3.7 Brief Interpretation

3.7.1 Mosaic Plot

  • Compared to Project 27 and Project 51, Project 30 had the highest proportion of participants who indicated that their race is ‘White’.
  • Compared to Project 30 and Project 51, Project 27 had the highest proportion of participants who indicated that their race is ‘Other’.
  • Compared to Project 27 and Project 51, Project 30 has the lowest proportion of participants who indicated that their race is ‘Other’.

3.7.2 Box Plot

  • Participants who indicated that their race is ‘Black’ exhibited the highest median age of around 45 years old
  • Participants who indicated that their race is ‘White’ exhibited the lowest median age at approximately 31 years old.

3.7.3 Violin Plot

This plot more clearly shows the bimodality of age by race among Black and ‘Other’ participants in CTN. It also shows the skewness of age in the White participants. Specifically:

  • Participants who indicated that their race is ‘White’ exhibited peak density around mid-20s compared to those who indicated that their race is ‘Black’, where peak density is exhibited around late-40s.
  • Participants who indicated that their race is ‘White’ had the lowest median age at approximately 31 years old, where participants who indicated that their race is ‘Black’ had the highest median age at approximately 45 years old.

3.8 Conclusion

This lesson discusses three different plots for one-dimensional data: the Mosaic, Box, and Violin plots. Figure 3.1 is a basic mosaic plots that shows race by CTN project. In Figure 3.2, we added a third variable to the visualization: gender. The box plots, Figure 3.3 and Figure 3.4 we plotted age (continuous) by race and age by race and gender, respectively. Finally, Figure 3.5 shows a violin plot with an overlaid box plot for age by race in the CTN projects.

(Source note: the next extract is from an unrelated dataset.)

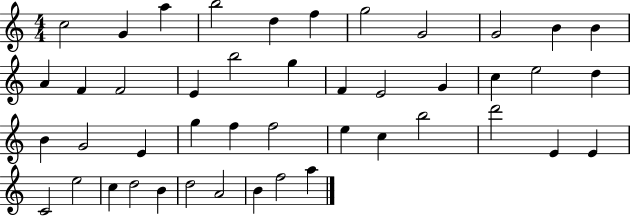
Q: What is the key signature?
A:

Mosaic plots are useful for proportionally visualizing the observations of two or more categorical variables. Box and violin plots can be used to visualize a continuous variable by one, or two in the case of box plots, categorical variables. Violin plots build on box plots in that they are able to provide quick information on the potential multimodal distribution(s) and skewness of a continuous variable across categories, as we saw in Figure 3.5.